The true potential of CPEC could not be achieved without expanding its scope to industry and agriculture and fast tracking its implementation, commented Bakhtiar. Responding to a question, the minister said there was no possibility of a third-party strategic partnership and Pakistan had not offered CPEC platform for Saudi Arabian investment.
“There should not be any confusion on the issue of third country participation as CPEC remains a bilateral strategic initiative between China and Pakistan,” remarked Bakhtiar. The minister pointed out that both China and Pakistan had unanimously decided that some CPEC projects could be offered to third countries for investment.
“Any investment from Saudi Arabia will be in the category of foreign direct investment (FDI), but Pakistan is not extending any special treatment,” he said and added a Saudi Arabian oil company (Aramco) had shown interest in setting up an oil refinery in Gwadar and so had the United Arab Emirates.
However, confusion remains over the status of the western route of CPEC as senators from Balochistan have different points of view than what the government claims.
“It is not yet clear whether the western route will be funded under CPEC or the Public Sector Development Programme (PSDP), but the likelihood is that the majority of its part will be funded through CPEC,” Bakhtiar said, adding western route projects remained part of last three meetings of the JCC but no progress was made. “CPEC cannot be a substitute of the PSDP,” said the minister. The Zhob-Dera Ismail Khan project of the western route was being taken up with China for financing and an agreement could be reached during the JCC meeting, emphasised the minister.

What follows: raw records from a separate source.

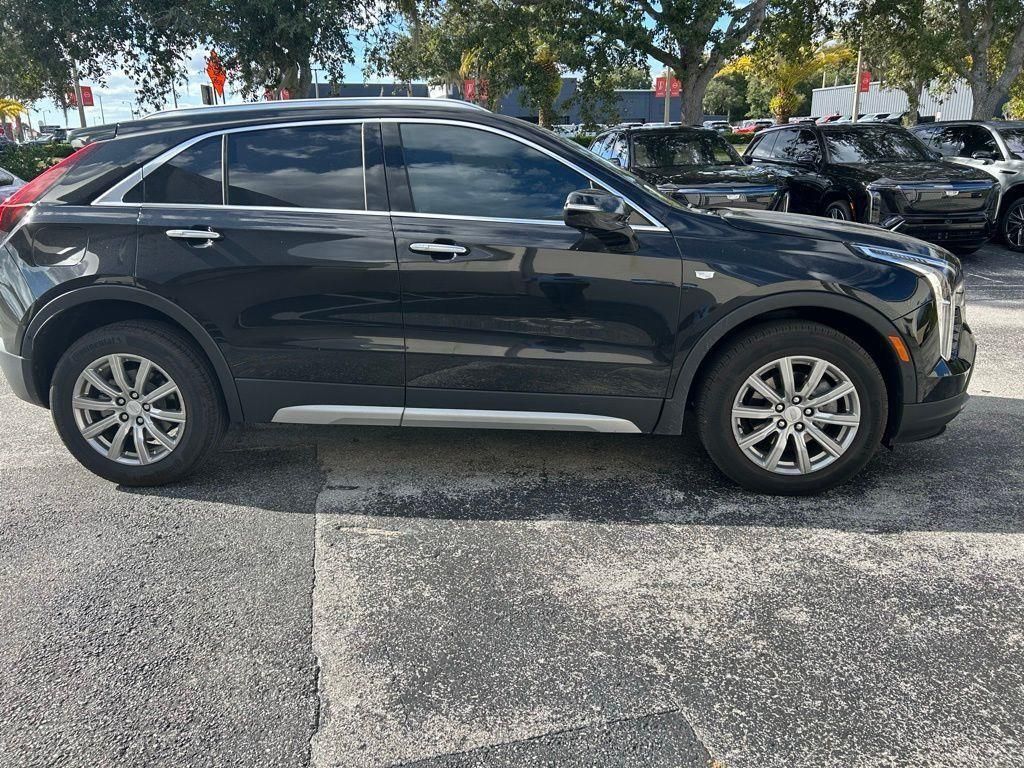 2021 Cadillac XT4 Premium Luxury photo 2
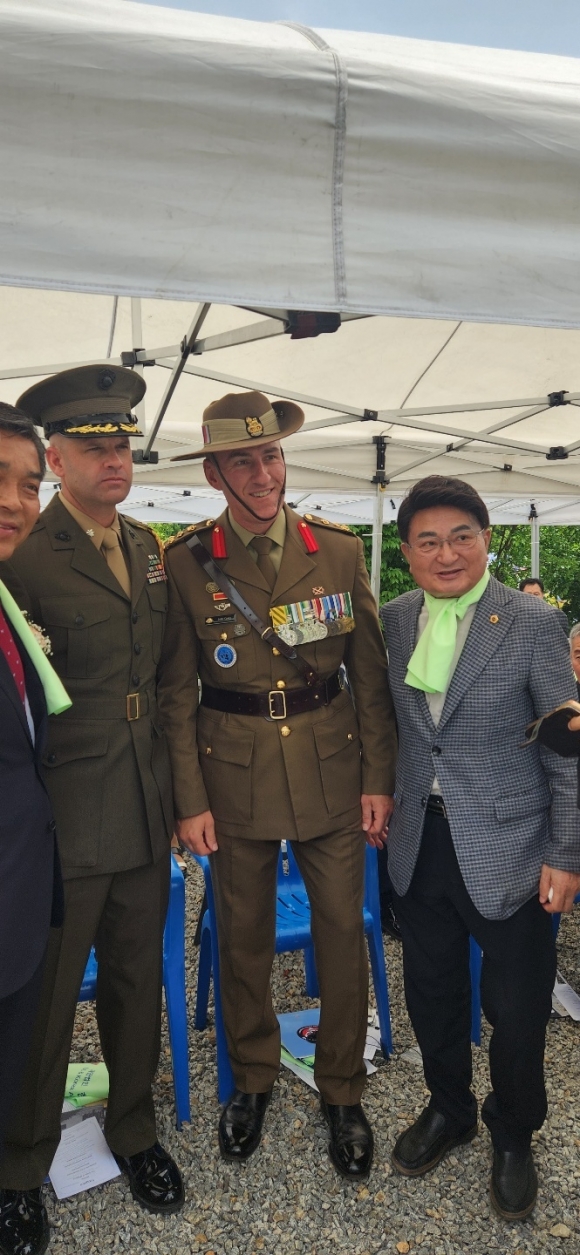 ‘미군 한국전쟁 참전 및 기적의 가평전투 72주년 기념행사’에 참석한 홍국표 의원(오른쪽 첫 번째)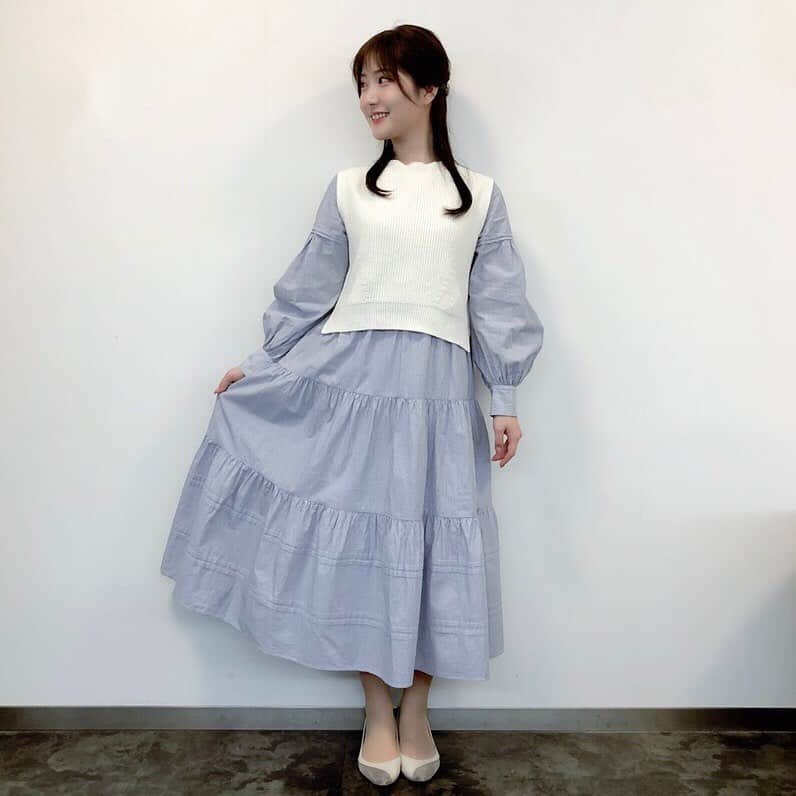 TBS「あさチャン！」のインスタグラム：「Today's さやこ Fashion🎈 ・ スタイリストさんからのポイント💁🏻‍♀️🎶 ニットベスト×シャツのレイヤードが 今年らしいトレンド感のあるワンピース🤗 ホワイトのニットとのコントラストで スタイルも良く見せてくれます😆✨ きちんと感のある爽やかな色合い、デザインなので、 いろいろなシーンで着ていただける1枚かと思います🥰 長めのネックレスをしてポイントにしたり、 足元はスニーカー&マリンキャップで カジュアルダウンしても可愛いです❣️ ・ ・ #tbs #あさチャン #アナウンサー #野村彩也子 #さやコーデ」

During a meeting of the Joint Working Group on Transport last month, Pakistan urged China to finalise implementation mechanism for the upgrade of 210km DI Khan-Zhob road and 110km Khuzdar-Basiam road.
However, China was of the view that only mature and advance projects should be pushed forward.
The DI Khan-Zhob project, which is a very critical component of the western route, faces delay because of mishandling by Pakistani authorities over the past four years.
Planning Secretary Zafar Hasan said work on nearly $20 billion worth of CPEC projects had not yet commenced, adding financing modalities of the $8.2-billion mainline project of Pakistan Railways had not been finalised so far.
Progress on some of the energy projects remained slow after Pakistan managed to bridge the energy deficit, said the secretary.